In sum, this case underscores just how limited the Strategic Partners exception really is.
Prior registrations will only tip the balance where the earlier and applied-for marks are essentially identical and cover the same goods or services. Applicants cannot rely on broader brand history or “family of marks” arguments to avoid a refusal if the core DuPont factors (eg, goods, trade channels or similarity of marks) point toward confusion.
The broader policy question is: should companies with house marks enjoy a wider exception to the application of a DuPont analysis across industries, or should industries remain siloed to protect existing trademark users? Not subjecting house marks to a strict DuPont analysis would virtually obtain a similar result to the possibility of expanding an existing registration, just without priority benefits.
Expanding the Strategic Partners exception
One potential path forward involves expanding the Strategic Partners exception, which is currently limited to almost identical marks for the same goods or services.

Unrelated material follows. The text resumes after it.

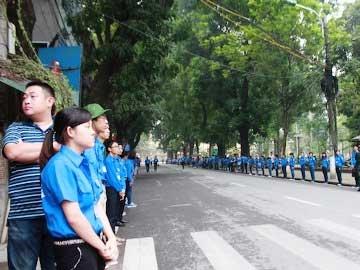 6.400 đoàn viên thanh niên hỗ trợ nhân dân vào viếng Đại tướng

Broadening this exception to include more than just identical goods could better accommodate the commercial need to extend brand reach without requiring entirely new registrations for each new good. However, expanding this exception must be carefully calibrated to avoid undermining the rights of smaller or earlier trademark owners.

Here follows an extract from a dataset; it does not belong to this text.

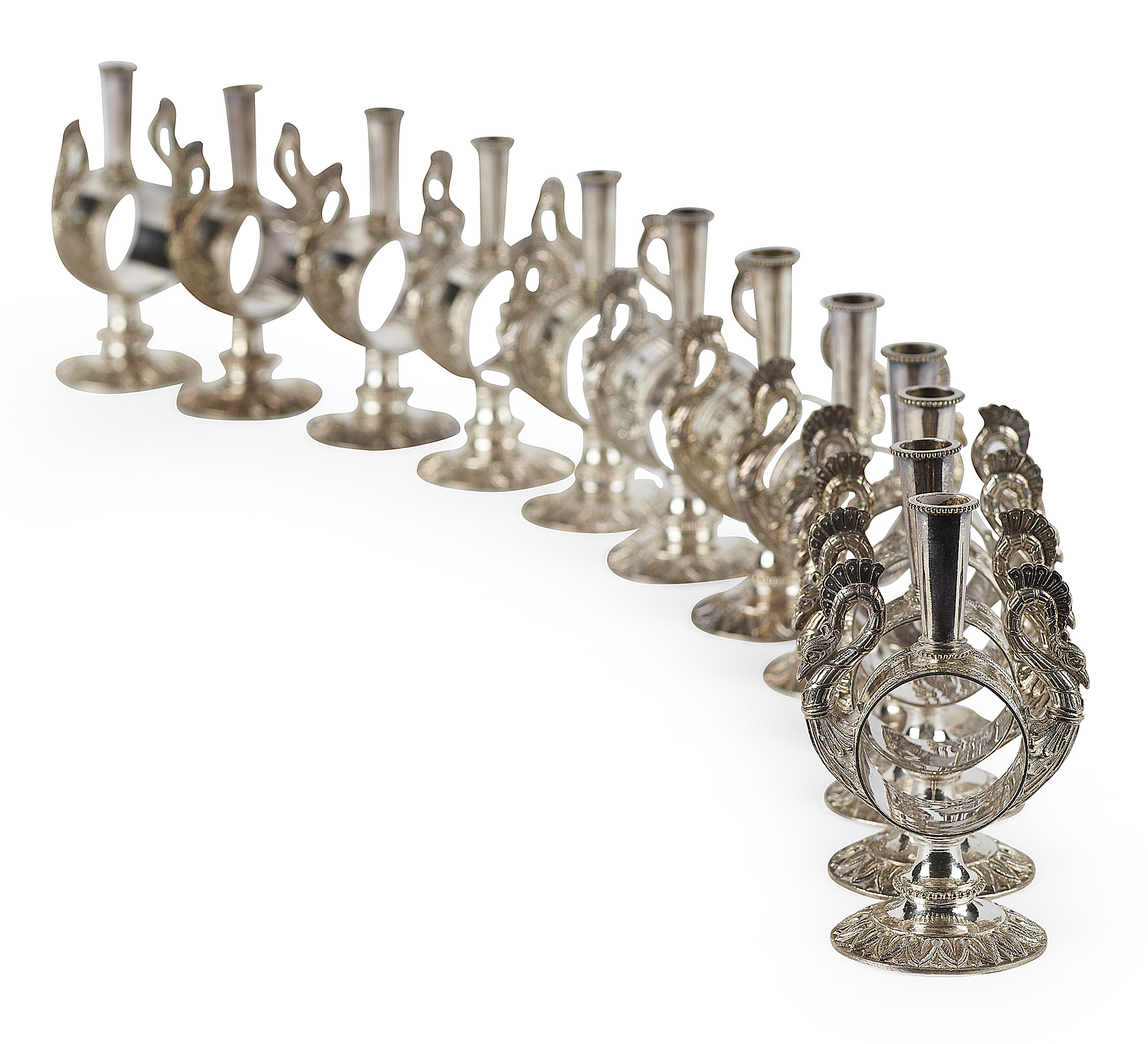 SET OF TWELVE HEAVY WHITE METAL NAPKIN RING HOLDERS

The rights of pre-existing trademark users remain a critical counterbalance in this policy equation. Protecting these users against encroachment from larger brands ensures a competitive marketplace and prevents monopolisation. Without such protections, smaller businesses may be forced to abandon valuable trademarks or face costly litigation simply because a more famous brand seeks to expand its footprint.
Another policy consideration is the need to avoid consumer confusion; of course, the expansion of Strategic Partners needs to account for the overarching principle of protecting consumers from confusion when purchasing goods or services in the market place.

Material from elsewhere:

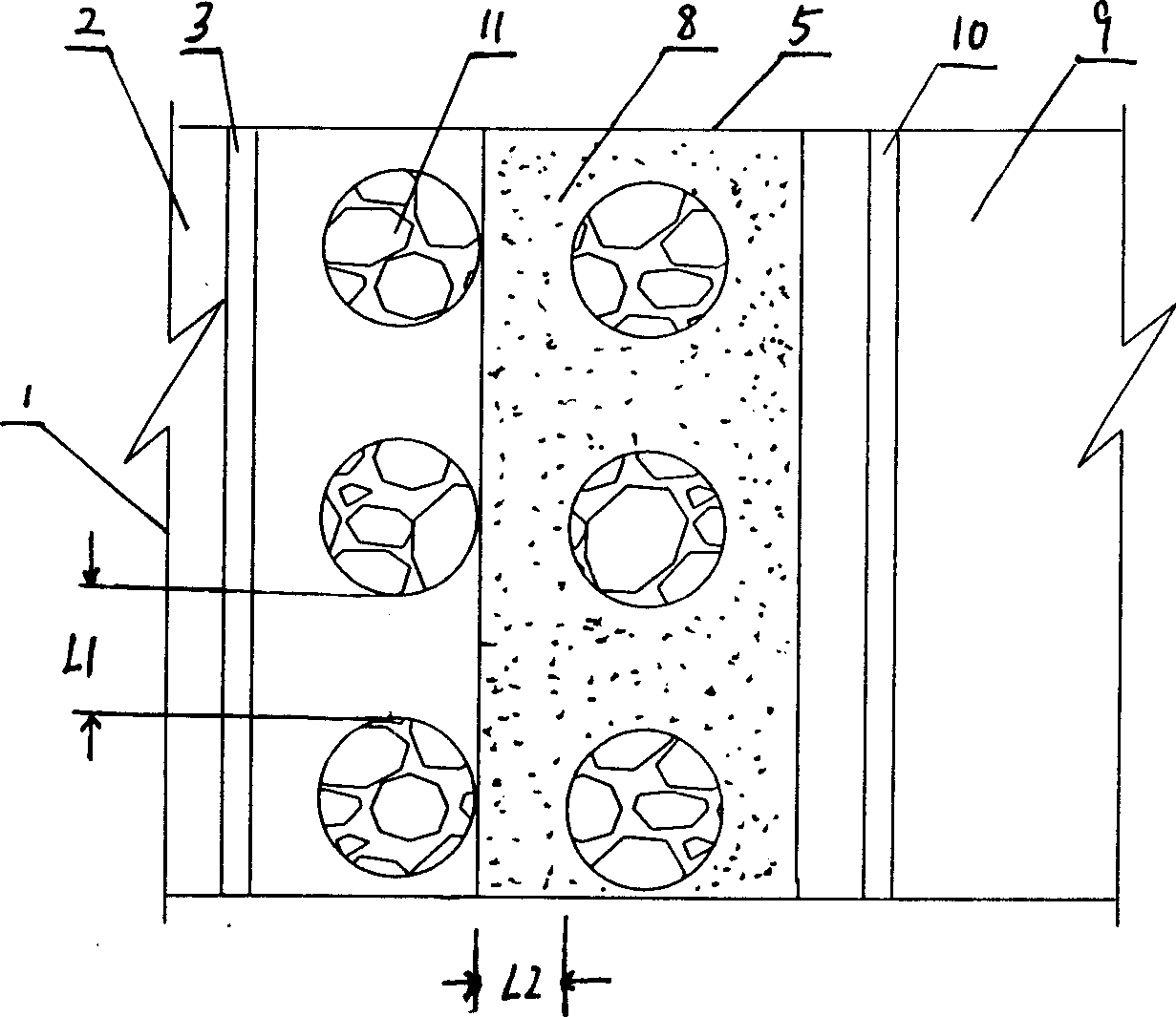 Column-hammer strong-tamper displacing base kit supporting construction method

That is why perhaps fame should play a role.
A famous house mark functions as a strong source indicator across a wide spectrum of industries, often transcending the traditional boundaries that the DuPont analysis is designed to protect.
A famous mark is less likely to cause confusion because of the brand recognition of its commercial indicia.
Fame could be the balancing factor that could justify the expansion of Strategic Partners, while still protecting the rights of pre-existing trademark users. Consider, for example, if a famous company operating in technology sought to register its mark for online retail store services featuring personal care products. Should the existence of a smaller, pre-existing registration for a confusingly similar matter be enough to block it? Consumers are increasingly used to marks spanning industries other than the original industry that made them famous.
An open question
The current set-up, a strict application of the DuPont factors and the Strategic Partner exception, gives full weight to existing registrations, but it risks undervaluing the market reality that some house marks carry enormous consumer recognition across industries.
In contrast, carving out an exception for fame might allow powerful brand owners to expand more freely, but at the expense of smaller businesses whose rights would be more easily displaced.
The Shaklee decision reflects the current state of the law: fame and brand history are not enough to bypass a DuPont analysis unless the facts line up precisely with Strategic Partners. Whether trademark policy should evolve to give greater weight to famous house marks remains an open and difficult question.